**Work to complete:**
In the entries below, find the line with "Precious Saree Pins" and the line with "Ivory Confetti Kitty"; copy them and every line between them exactly, but not the pictures.

**Data:**

[Start of Attachment]

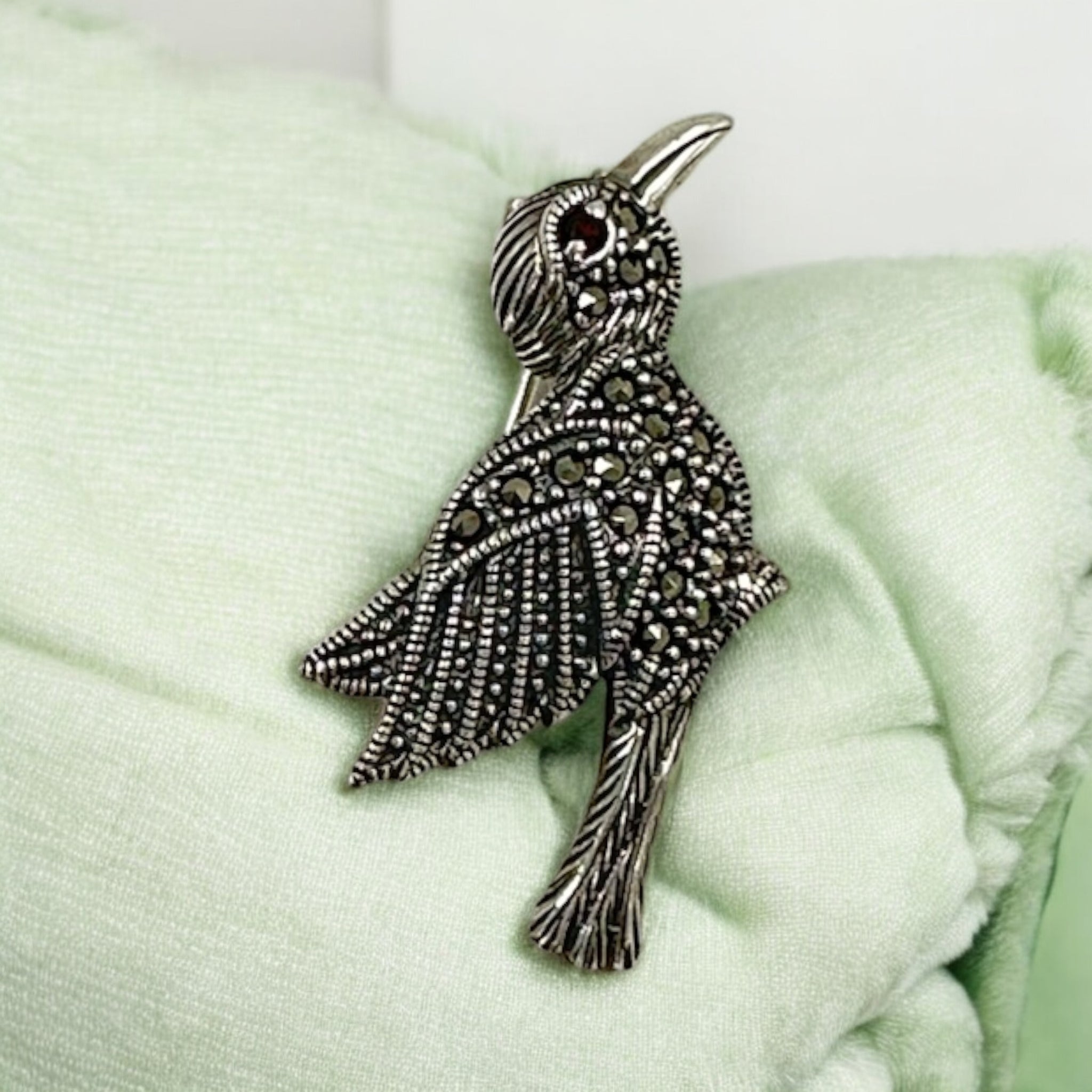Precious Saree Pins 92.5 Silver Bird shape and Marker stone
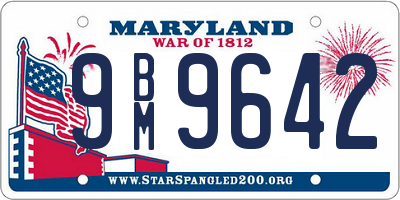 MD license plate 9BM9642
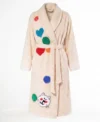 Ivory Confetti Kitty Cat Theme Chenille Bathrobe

[End of Attachment]
[Start of Attachment]

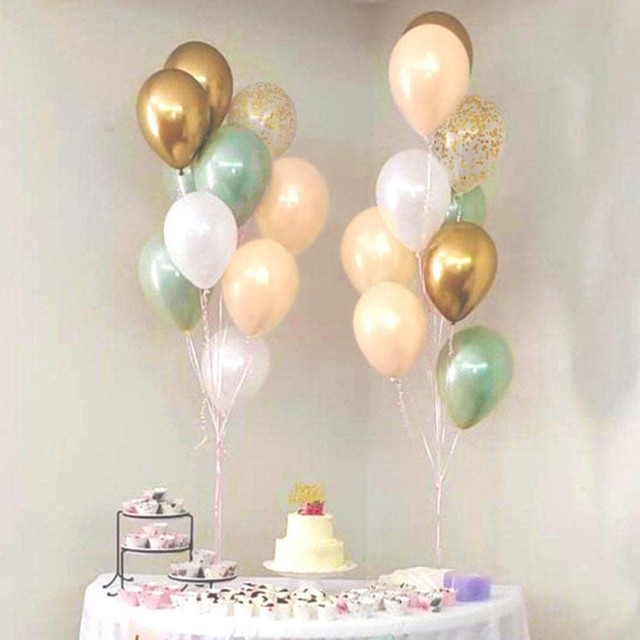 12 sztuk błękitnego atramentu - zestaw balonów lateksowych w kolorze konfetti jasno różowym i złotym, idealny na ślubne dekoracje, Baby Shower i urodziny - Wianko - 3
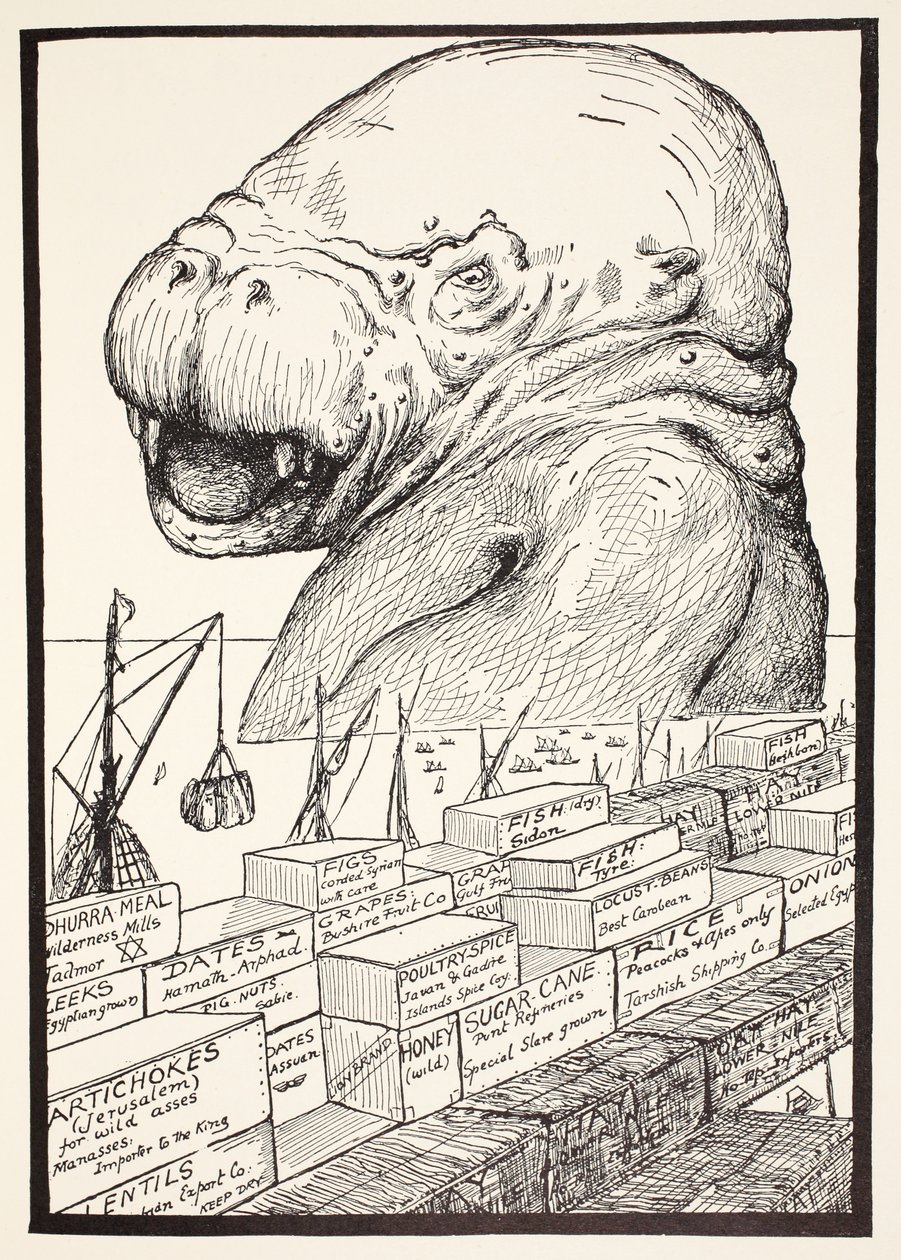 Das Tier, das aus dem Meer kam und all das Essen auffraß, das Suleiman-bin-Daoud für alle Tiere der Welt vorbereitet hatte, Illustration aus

[End of Attachment]

**Solution for this exercise:**
Precious Saree Pins 92.5 Silver Bird shape and Marker stone
 MD license plate 9BM9642
 Ivory Confetti Kitty Cat Theme Chenille Bathrobe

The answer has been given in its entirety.